* Instructions to follow *
Copy out each line of the material exactly. Pictures do not belong in the copy.

* Input data *
▬▬▬▬▬▬▬▬▬▬

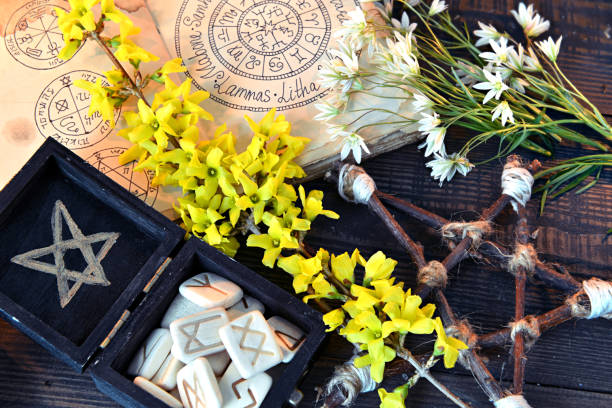 istock Box with runes, pentagram and flowers on green witch table. 1158786249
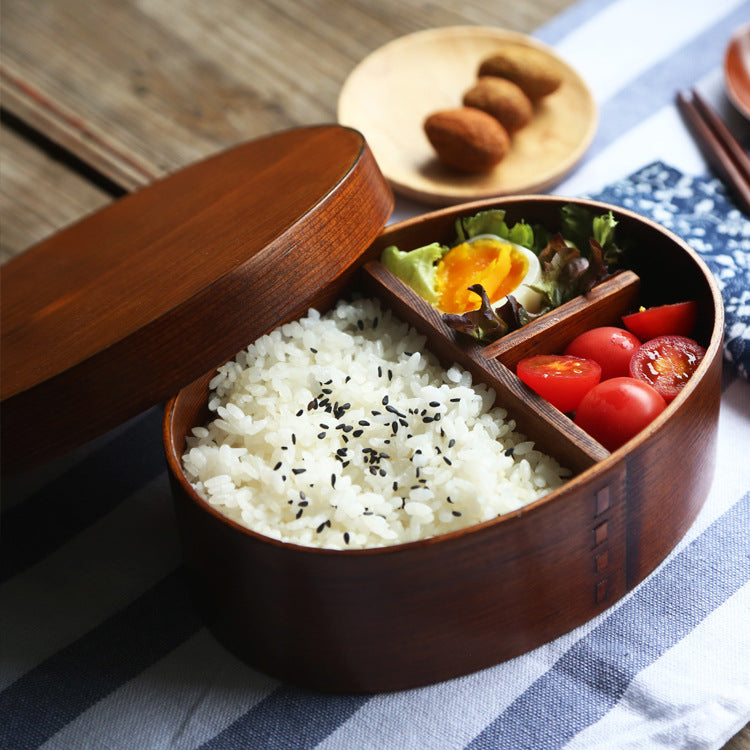 Round brown wooden bento box from WoodyKitchenware, traditional Japanese lunch box made of natural wood with a smooth finish.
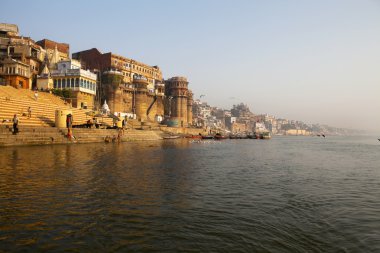 MORNING AT THE HOLY GANGES RIVER. VARANASI. INDIA clipart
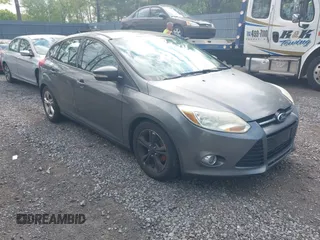 2012 Ford Focus SE with VIN 1FAHP3K28CL322912, listed as a IAAI auction lot 42217297 with 174,444 mi miles and . Bid and sale history available at carsss.com. Image 1.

▬▬▬▬▬▬▬▬▬▬

* Output below *
 istock Box with runes, pentagram and flowers on green witch table. 1158786249
 Round brown wooden bento box from WoodyKitchenware, traditional Japanese lunch box made of natural wood with a smooth finish.
 MORNING AT THE HOLY GANGES RIVER. VARANASI. INDIA clipart
 2012 Ford Focus SE with VIN 1FAHP3K28CL322912, listed as a IAAI auction lot 42217297 with 174,444 mi miles and . Bid and sale history available at carsss.com. Image 1.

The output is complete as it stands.